I see nothing to prevent its going to the point of requiring a
license and bringing the whole business under the control of a
railroad commission so far as to determine the number, character,
and conduct of transportation companies, and so to prevent the
streets from being made useless and dangerous by the number and
lawlessness of those who seek to use them. I see nothing in this
act that would
Page 271 U. S. 602
require private carriers to become common carriers, but if there
were such a requirement, it, like the provisions concerning rates
and accounts, would not be before us now, since, as I have said,
the statute makes every section independent, and declares that, if
valid, it shall stand even if all the others fall. As to what is
before us, I see no great difference between requiring a
certificate and requiring a bond, as in Packard v. Banton,
264 U. S. 140
although, as I have said, I do not get much help from general
propositions in a case of this sort, I cannot forbear quoting what
seems to me applicable here. Distinguishing between activities that
may be engaged in as a matter of right and those like the use of
the streets that are carried on by government permission, it is
"In the latter case, the power to exclude altogether generally
includes the lesser power to condition and my justify a degree of
regulation not admissible in the former."
264 U.S. 264 U. S. 145
I think that the judgment should be affirmed.
MR. JUSTICE BRANDEIS concurs in this opinion.
The separate opinion of MR. JUSTICE McREYNOLDS.
Our primary concern is with the decree below, not with the
reasons there advanced to support it. I suppose, if that court had
simply approved the action of the Railroad Commission and had said
nothing more, there would be little, if any, difficulty here in
finding adequate ground for affirmance.
The questions involved relate solely to matters of intrastate
commerce. No complication arises by reason of the power of Congress
to regulate interstate commerce. Having built and paid for the
roads, California certainly has the general power of control.

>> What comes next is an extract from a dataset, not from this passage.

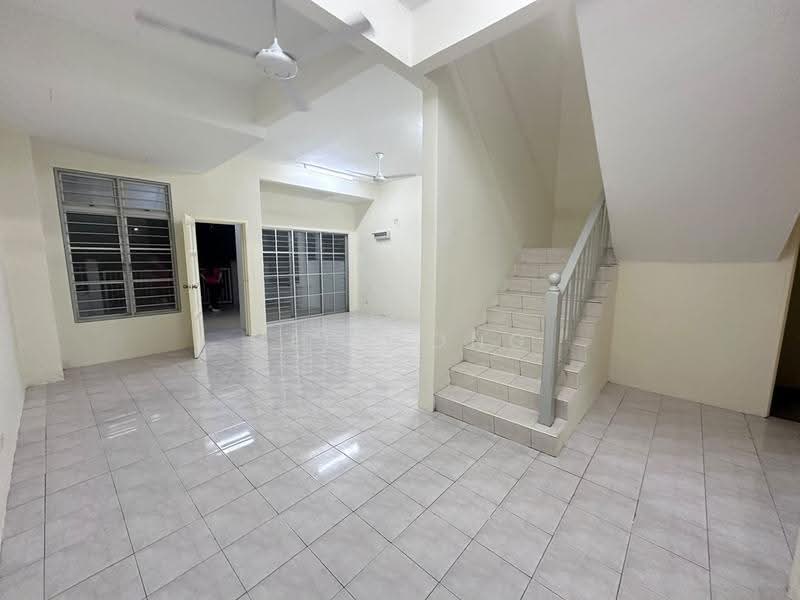 Terraced House for Rent in Bandar Baru Ampang (Ampang) - Mel Wong - Living Room - PropertyGuru.com.my
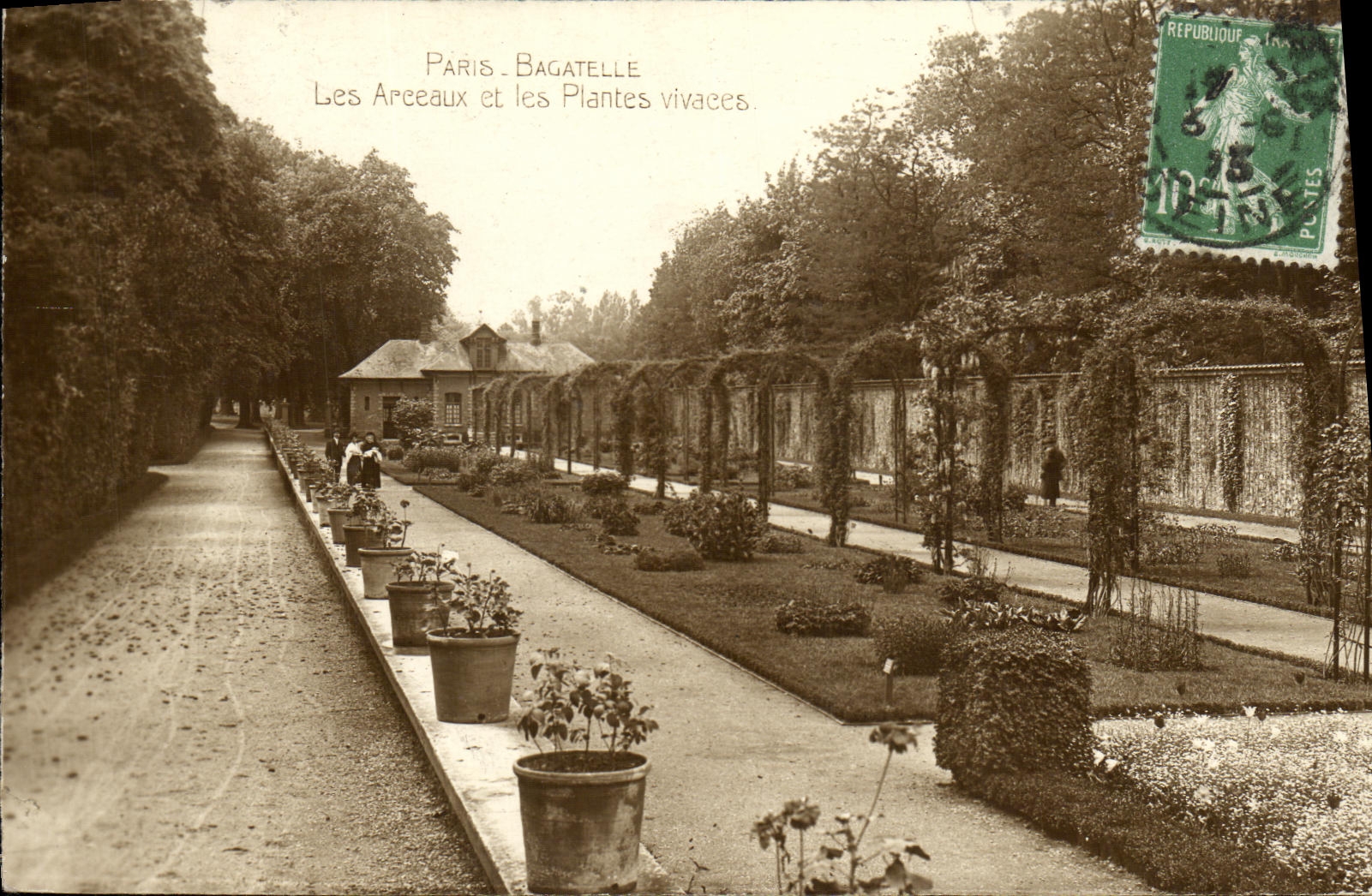 CPA Paris Bagatelle Les Arceaux et les Plantes vivaces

Plaintiffs in error are without constitutional right to appropriate
highways to their own business as carriers for hire. And if, in
Page 271 U. S. 603
many words, the legislature had said that no intrastate carriers
for hire except public ones shall be permitted to operate over the
state roads, it would have violated no federal law. So far as the
rights of plaintiffs in error are affected, nothing more serious
than that has been done.
The states are now struggling with new and enormously difficult
problems incident to the growth of automotive traffic, and we
should carefully refrain from interference unless and until there
is some real, direct, and material infraction of rights guaranteed
by the federal Constitution.
I think the decree of the court below should be affirmed.